━━ Raw data

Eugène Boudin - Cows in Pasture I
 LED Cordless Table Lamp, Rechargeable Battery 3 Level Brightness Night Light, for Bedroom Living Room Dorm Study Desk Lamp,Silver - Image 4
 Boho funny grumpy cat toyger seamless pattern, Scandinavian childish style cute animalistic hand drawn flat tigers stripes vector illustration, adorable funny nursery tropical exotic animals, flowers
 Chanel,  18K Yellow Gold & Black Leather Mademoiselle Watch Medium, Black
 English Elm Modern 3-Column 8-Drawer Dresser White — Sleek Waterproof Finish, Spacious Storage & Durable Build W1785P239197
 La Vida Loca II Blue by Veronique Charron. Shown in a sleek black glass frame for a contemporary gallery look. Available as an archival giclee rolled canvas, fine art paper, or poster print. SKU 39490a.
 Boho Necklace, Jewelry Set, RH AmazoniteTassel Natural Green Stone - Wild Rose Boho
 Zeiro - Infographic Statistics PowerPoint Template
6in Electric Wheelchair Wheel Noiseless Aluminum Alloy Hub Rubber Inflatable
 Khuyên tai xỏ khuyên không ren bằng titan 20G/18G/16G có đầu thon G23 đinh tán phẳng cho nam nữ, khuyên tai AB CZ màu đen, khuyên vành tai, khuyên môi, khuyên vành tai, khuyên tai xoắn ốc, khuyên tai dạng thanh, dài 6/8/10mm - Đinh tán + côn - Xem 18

━━━━

[Problem requirements]:
Return the line that contains "Boho Necklace, Jewelry" along with every line after it through the end of the entries, exactly, adding nothing.

[Answer space]:
 Boho Necklace, Jewelry Set, RH AmazoniteTassel Natural Green Stone - Wild Rose Boho
 Zeiro - Infographic Statistics PowerPoint Template
6in Electric Wheelchair Wheel Noiseless Aluminum Alloy Hub Rubber Inflatable
 Khuyên tai xỏ khuyên không ren bằng titan 20G/18G/16G có đầu thon G23 đinh tán phẳng cho nam nữ, khuyên tai AB CZ màu đen, khuyên vành tai, khuyên môi, khuyên vành tai, khuyên tai xoắn ốc, khuyên tai dạng thanh, dài 6/8/10mm - Đinh tán + côn - Xem 18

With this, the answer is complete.